An uncharacteristically soft but, more seriously, a potentially dangerous approach. It reflects the maddening Cypriot practice of settling for cozy mediocrity (at best) always quick to dismiss the findings of expert bodies. A persistent reliance on the illusion that things are not that bad which prevents the country from becoming better.

But the Mail’s approach is dangerous for another reason. It is just not true. The situation in Cyprus is problematic.

While rankings, and our fixation with them are distracting and RSF’s work is not scientifically foolproof, it remains a valuable tool and indicator.
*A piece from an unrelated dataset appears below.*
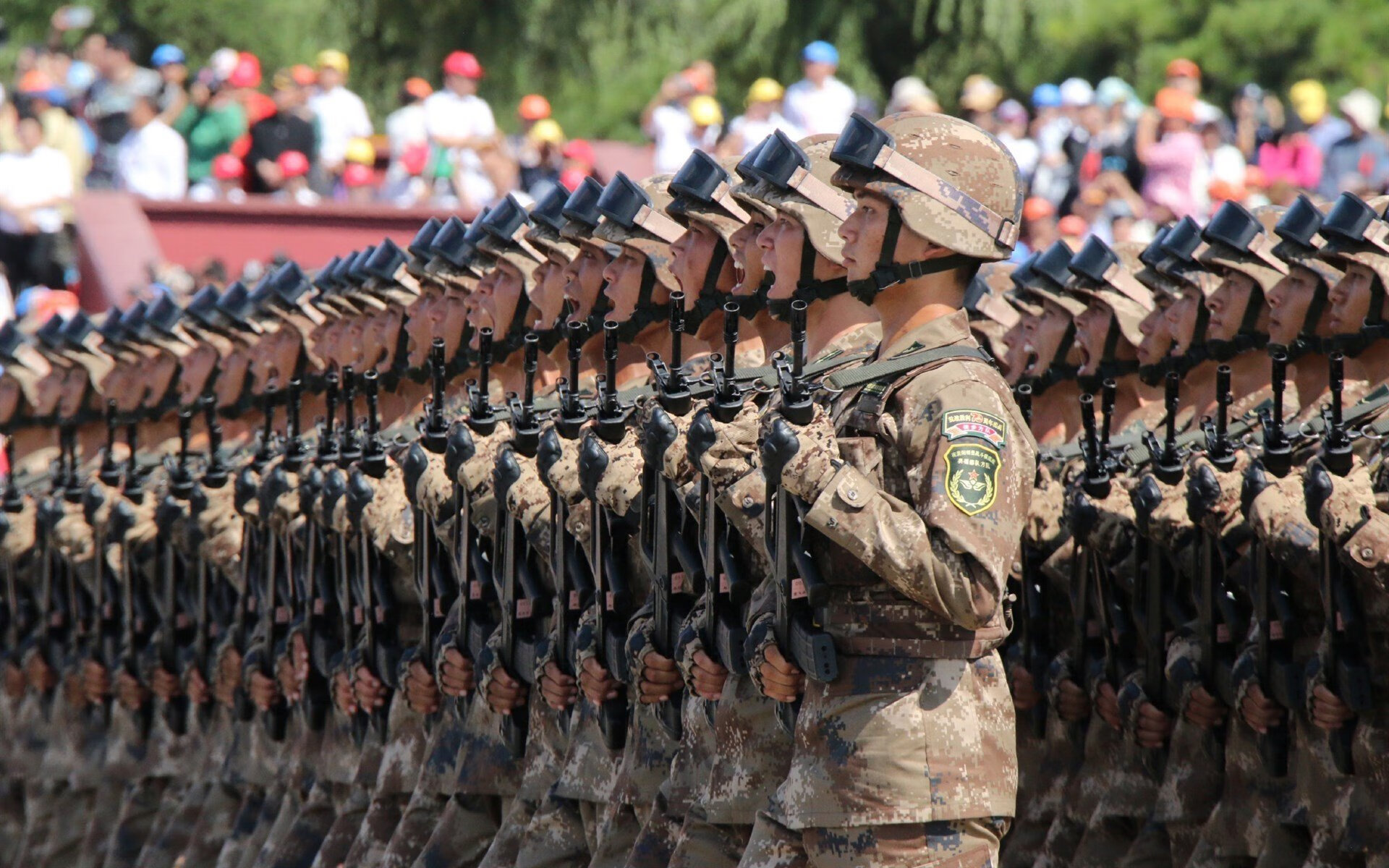 主帅多次更换站位制造战术假象扰乱对手防线部署节奏，主帅挑战规则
More so as its overall assessment is corroborated by the more scrupulous monitoring from the EUI’s Centre for Media Pluralism and Media Freedom2. Both organisations monitor variables that are crucial for the proper functioning of media and democracy encouraging vigilance by watchdogs while putting pressure on stakeholders and practitioners.

In Cyprus’ case the RSF report described the influence of the government, the Church and business interests over the media as significant elements that “undermine media pluralism and push journalists towards self-censorship”. It raised concerns about “direct interference in editorial decisions through informal relationships between politicians and media owners, the growing media concentration and the lack of transparency in media ownership.”
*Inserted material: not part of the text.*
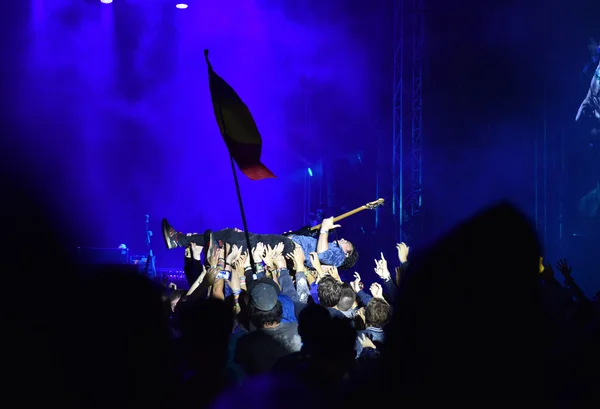 Gitarrist beim Crowdsurfen während eines Konzerts — Stockfoto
This is in fact the type of criticism that the Mail’s own flagship Coffeeshop column had frequently identified. And it is the reason why the Mail – at least until some years ago before it was purchased by a local legal firm – was considered the island’s only independent newspaper. Established in 1945 and ran by generations of newspapermen it was healthily detached from the establishment (and very often ignored by it) allowing its reporting to be bold and free of local bias and hyperbole. Governments of the day underestimated its significance but the paper was read by the diplomatic community, the Cypriot intelligentsia, the substantial non-Greek-speaking population and the diaspora.

Today, while it might be true that the Mail remains free of the influence of the government and the Church, one may question whether it is free of the influence of business interests, especially those of its new owners3 and possibly their clients.
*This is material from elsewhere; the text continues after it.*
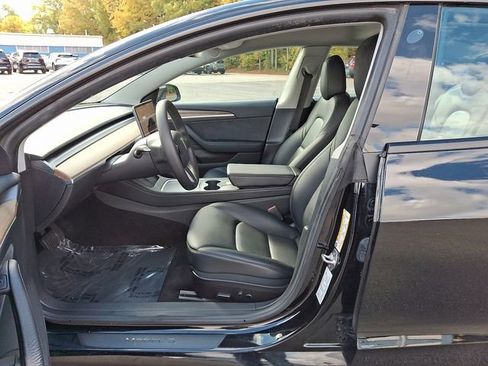 Used 2022 Tesla Model 3 Long Range image 17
More recently the paper introduced a new slogan: “News that Matters” begging the question: To whom? And to what end? The answer lies in the new suffocating culture of business worshiping that has embraced the country’s media over the last decade which has blown the vital door between their editorial and commercial departments wide open. In the age of fewer journalistic staff, more sponsored content and press releases posing as reporting, the barrier between editorial positions and commercial interests has been obliterated – against the public interest.

In a democracy, we the citizens offer and defend the media’s right to be free of state control but also of private control. And while we defend their right to be free, we do not offer them the right to be free from being accountable to us. Running a newsroom is a profound public duty and involves a covenant of trust. Those to whom we offer the freedom and privilege to exercise that duty are expected to be guardians of that trust – not promoters of the interests of their owners or funders.

The situation in Cyprus is made worse by the fact – shameful for the Cypriot state – that there is no functioning legal framework regulating the media landscape. This has bred chaos online and allowed ill-equipped or malicious media owners and operators to push their political or economic agenda onto an unsuspecting public without the burden of accountability, including to the Cyprus Media Ethics Committee.

Independent journalism needs independent financing. And while there is truth in the notion that no one can be absolutely objective, news organisations, serious ones at least, can put in place objective editorial processes to eliminate bias from their decision-making.

More and more media outlets are discovering that to have credibility they have to be transparent – about their ownership and their editorial processes. It is important for the public to know who the media are and where their news selections and views are coming from to decide whether they can be taken seriously or not. At a time when media globally are struggling financially and corporate investors are rushing to ‘save’ them, big money is devouring their soul and eroding the public’s trust and respect for them.

Bucking the trend is the world-wide growth of non-profit collaborative journalism (even here; the Cyprus Investigative Reporting Network is an example). It’s a new journalism that relies on donors, crowd funding and memberships rather than corporate investment and advertising. The situation is not hopeless. A growing movement of citizens is demanding more. If media want their trust and respect, they need to become trustworthy and respectful. Profit won’t come quickly but journalism was never meant to be about that.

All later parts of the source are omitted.